Monday, August 20, 2018

The Great Sorting Continues

"The pending departure of North Face, a landmark outdoor apparel company founded in San Francisco in 1966, highlights the challenges for nontech businesses in a region with the country’s highest housing costs." (HT: Roland Li)

"Spectrum Location Solutions, a consultant for company relocations, found that 9,000 California companies had moved their headquarters or chosen to expand outside of the state between 2008 to 2015."

The article includes a long list of recent corporate moves away from the San Francisco area.

We can argue all day and night about all of the causes of this, or all of the excuses for not allowing these cities to grow, or all of the reasons why each individual housing development to be obstructed.  But, in the meantime, the status quo is a situation where the good things that a healthy society does - productivity growth, innovation, mobility - lead inevitably to a bidding war for an arbitrarily limited number of spots on the party boat.  And the process for who gets those spots is, inevitably, a process of growing tension and distress until some more folks give up.
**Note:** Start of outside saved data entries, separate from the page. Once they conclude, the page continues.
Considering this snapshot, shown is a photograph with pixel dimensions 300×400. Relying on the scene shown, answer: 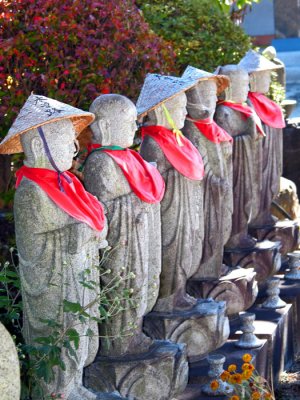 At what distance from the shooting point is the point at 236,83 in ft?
24.8

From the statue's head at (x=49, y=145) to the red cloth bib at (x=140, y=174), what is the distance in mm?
458

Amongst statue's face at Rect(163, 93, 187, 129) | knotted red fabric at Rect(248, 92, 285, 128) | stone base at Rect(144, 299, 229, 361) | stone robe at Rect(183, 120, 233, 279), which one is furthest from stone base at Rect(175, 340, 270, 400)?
knotted red fabric at Rect(248, 92, 285, 128)

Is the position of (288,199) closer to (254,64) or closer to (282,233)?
(282,233)

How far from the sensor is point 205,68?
352 inches

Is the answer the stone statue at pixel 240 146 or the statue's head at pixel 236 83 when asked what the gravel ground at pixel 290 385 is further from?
the statue's head at pixel 236 83

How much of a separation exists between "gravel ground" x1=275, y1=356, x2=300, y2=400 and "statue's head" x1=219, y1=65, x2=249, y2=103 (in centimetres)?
180

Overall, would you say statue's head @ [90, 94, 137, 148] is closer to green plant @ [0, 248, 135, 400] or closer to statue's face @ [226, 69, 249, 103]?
green plant @ [0, 248, 135, 400]

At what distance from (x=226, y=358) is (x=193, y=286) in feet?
1.76

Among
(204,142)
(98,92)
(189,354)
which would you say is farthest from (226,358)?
(98,92)

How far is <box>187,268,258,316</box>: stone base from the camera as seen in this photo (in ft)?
22.6

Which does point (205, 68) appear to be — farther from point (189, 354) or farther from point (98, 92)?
point (189, 354)

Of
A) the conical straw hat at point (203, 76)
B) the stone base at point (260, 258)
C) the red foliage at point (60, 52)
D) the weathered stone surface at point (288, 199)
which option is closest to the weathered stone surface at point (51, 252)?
the red foliage at point (60, 52)

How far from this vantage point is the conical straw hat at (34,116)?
491 centimetres

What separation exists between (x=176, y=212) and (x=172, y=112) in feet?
1.72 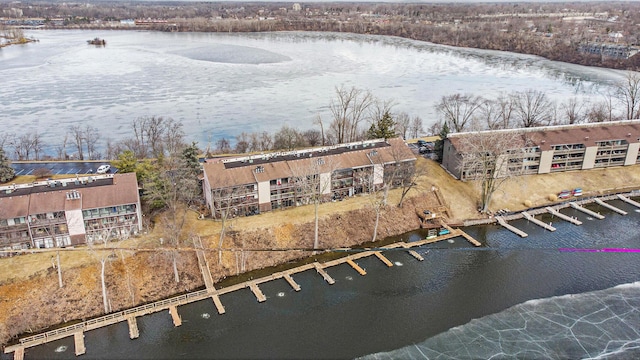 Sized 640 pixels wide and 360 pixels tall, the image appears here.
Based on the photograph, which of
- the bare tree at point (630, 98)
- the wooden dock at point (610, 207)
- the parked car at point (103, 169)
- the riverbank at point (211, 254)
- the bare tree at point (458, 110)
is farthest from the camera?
the bare tree at point (458, 110)

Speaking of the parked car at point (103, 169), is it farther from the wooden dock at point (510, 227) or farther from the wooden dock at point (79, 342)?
the wooden dock at point (510, 227)

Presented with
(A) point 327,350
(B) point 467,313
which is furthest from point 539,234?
(A) point 327,350

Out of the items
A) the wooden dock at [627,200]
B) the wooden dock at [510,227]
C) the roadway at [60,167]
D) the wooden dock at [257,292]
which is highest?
the roadway at [60,167]

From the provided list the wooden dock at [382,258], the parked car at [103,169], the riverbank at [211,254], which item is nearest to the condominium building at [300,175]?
the riverbank at [211,254]

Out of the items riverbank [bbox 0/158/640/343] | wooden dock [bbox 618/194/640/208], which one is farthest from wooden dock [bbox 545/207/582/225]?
wooden dock [bbox 618/194/640/208]

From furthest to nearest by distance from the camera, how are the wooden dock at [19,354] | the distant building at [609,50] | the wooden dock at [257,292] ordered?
1. the distant building at [609,50]
2. the wooden dock at [257,292]
3. the wooden dock at [19,354]

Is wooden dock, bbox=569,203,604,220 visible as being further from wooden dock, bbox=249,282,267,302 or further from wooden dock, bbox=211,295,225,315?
wooden dock, bbox=211,295,225,315

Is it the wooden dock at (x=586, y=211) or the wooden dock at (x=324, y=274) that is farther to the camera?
the wooden dock at (x=586, y=211) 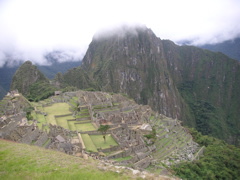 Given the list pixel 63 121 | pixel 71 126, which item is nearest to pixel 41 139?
pixel 71 126

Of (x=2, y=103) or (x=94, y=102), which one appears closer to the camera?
(x=2, y=103)

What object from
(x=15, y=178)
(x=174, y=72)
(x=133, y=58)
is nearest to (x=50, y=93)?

The housing bubble was simply an acceleration of this process so that cities like Phoenix were overwhelmed with families burdened with the choice of moving to their remaining, compromised options.  In 2007 and 2008, we conducted public policy in such a way to remove that compromised option for many families, and we slowed the Great Sorting down.  But, we did nothing to stem the growing tension and distress that comes from the core problem.

PS: It looks like the phrase, "The Big Sort", has already been coined.